Surely it is not by happenstance, too, that at the same time Los Angeles was falling in love with automobility and building a new street grid to speed its movement across the land, it was also constructing of a complex system of pipes, dams, tunnels, and channels to rush water into the community's many new orchards, factories, and parks, its sinks, bathtubs, and greenswards.
However giddy were the aqueduct's prospects and realities, its development was not contest free. Many residents of the Owens River fought long and hard against the transfer of their water resources by means peaceful and violent. Through open appeals to the state and nation, they sought redress for what they knew to be a "Valley of Broken Hearts," pleas that fell on deaf ears in Sacramento and Washington, D.C.
Sharing Owens Valley activists' critique of L.A.'s water grab were folks living to the city's immediate east. They were convinced that local watersheds can and should be managed locally -- and sustainably. Making clever use of Southern California's geology, particularly the alluvial washes that swept out of the canyons of the San Gabriel Mountains, organizations such as the Pomona Valley Protective Association maintained these fans as open space. Winter rains and runoff would then filter into this gravely soil, replenishing the aquifers buried below; these basins "resembled very much the ordinary restaurant dinner plate with separate receptacles for different foods," one contemporary observed, and he believed they offered the region its best hope for survival.
Preferring human-built structures to natural cisterns, a choice in concert with their narrative of domination and control, Los Angeles' legion of promoters instead ratcheted up their commitment to concrete action. Certain that the aqueduct needed an additional reservoir to protect against the region's episodic droughts and ongoing sabotage of the aqueduct in the Owens Valley, in the early 1920s Mulholland, a self-taught engineer, helped design the St. Francis Dam in the San Francisquito Canyon in the Santa Clara River watershed north of the city.
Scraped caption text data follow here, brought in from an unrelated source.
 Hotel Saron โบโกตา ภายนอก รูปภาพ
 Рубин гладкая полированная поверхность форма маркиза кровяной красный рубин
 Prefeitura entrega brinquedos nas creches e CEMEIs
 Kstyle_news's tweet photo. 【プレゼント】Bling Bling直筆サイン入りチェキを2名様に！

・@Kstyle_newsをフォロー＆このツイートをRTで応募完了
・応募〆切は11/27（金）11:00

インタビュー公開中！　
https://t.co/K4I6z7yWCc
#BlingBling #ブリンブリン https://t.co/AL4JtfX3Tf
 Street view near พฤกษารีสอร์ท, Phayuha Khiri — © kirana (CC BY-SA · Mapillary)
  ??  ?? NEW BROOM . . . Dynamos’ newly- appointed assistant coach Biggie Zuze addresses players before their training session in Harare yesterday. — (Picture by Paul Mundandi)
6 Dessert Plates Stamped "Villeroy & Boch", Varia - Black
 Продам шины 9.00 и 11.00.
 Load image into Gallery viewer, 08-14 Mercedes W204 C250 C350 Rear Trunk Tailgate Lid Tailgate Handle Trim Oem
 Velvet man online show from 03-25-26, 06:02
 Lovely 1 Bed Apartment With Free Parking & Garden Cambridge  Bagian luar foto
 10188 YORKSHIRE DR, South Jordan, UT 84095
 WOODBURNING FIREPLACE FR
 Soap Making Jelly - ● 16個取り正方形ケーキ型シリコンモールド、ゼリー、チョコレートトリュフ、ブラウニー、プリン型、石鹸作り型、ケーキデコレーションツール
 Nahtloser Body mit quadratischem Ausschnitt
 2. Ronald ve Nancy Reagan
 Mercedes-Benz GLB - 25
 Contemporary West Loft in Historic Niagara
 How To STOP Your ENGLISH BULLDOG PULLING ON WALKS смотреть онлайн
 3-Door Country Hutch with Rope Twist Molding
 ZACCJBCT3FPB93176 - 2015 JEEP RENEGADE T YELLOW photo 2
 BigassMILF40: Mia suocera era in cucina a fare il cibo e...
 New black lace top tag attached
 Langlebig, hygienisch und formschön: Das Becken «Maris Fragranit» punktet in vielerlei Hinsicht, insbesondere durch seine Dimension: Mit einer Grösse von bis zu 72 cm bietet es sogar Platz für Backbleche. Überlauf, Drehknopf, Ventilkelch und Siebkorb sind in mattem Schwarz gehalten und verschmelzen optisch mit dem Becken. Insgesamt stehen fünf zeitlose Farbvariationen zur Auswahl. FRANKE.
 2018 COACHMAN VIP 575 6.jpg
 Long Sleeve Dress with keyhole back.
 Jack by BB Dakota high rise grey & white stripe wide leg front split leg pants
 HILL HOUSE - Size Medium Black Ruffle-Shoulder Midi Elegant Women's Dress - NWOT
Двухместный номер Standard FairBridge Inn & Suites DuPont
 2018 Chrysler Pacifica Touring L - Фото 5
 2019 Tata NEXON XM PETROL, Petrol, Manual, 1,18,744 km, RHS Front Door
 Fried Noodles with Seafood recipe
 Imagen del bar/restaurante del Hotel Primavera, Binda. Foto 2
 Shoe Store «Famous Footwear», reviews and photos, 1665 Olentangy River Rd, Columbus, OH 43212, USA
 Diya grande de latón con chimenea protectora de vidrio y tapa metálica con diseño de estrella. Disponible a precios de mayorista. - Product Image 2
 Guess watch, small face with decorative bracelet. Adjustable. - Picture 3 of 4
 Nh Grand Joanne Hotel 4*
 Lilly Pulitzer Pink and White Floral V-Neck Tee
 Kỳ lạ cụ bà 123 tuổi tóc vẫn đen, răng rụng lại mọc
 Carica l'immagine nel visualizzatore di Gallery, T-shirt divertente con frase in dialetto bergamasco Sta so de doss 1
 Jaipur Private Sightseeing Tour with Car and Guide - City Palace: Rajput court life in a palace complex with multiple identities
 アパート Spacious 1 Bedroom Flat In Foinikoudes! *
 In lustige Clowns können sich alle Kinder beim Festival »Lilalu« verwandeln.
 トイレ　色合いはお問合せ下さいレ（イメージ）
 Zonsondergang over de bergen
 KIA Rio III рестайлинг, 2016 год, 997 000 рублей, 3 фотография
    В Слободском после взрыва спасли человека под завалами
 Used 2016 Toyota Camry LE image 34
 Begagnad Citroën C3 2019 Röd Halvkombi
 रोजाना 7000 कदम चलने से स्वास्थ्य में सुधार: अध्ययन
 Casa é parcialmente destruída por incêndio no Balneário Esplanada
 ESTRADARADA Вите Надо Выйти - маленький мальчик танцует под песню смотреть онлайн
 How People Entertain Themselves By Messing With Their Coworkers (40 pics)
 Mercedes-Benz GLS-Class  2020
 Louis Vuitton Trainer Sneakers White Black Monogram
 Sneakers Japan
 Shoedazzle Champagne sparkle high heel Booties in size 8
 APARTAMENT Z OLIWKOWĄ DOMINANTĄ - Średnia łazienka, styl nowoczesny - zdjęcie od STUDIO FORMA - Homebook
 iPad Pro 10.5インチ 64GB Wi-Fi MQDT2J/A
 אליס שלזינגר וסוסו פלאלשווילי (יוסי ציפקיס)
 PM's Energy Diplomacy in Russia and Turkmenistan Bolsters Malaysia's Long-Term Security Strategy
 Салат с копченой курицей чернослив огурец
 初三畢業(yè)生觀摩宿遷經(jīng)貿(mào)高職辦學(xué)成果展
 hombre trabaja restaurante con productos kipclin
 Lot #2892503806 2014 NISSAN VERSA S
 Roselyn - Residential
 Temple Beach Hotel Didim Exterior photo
Completed in 1926, it impounded an estimated 38,000 acre-feet water. Within hours of Mulholland certifying its structural integrity on March 12, 1928, the dam collapsed catastrophically, tragically in the middle of the night; it unleashed a killer surge of water that crashed down the canyon before blasting into the Santa Clara River. "It seems probable that the flood peak immediately below the dam exceeded half a million second-feet," a subsequent engineering report intoned, "and this, together with its occurrence in the darkness, and the suddenness and violence of the wave, was such that very few of the persons in the constricted valley below the dam escaped with their lives." More than 600 people perished that evening, many of their bodies were never found.
Although this horrific disaster destroyed Mulholland's reputation, it did not damage the citizenry's belief in his ambitious effort to import ever-larger amounts of water to slake the city's deepening thirst. Voters easily passed bond issues in support of the Colorado Aqueduct and the Mono Lake project, setting the stage for additional investments in the second half of the 20th-century, a legacy that has proved pivotal to the making of what is now the nation's second largest city.
That end, the aqueduct's original proponents would have asserted, justified their means.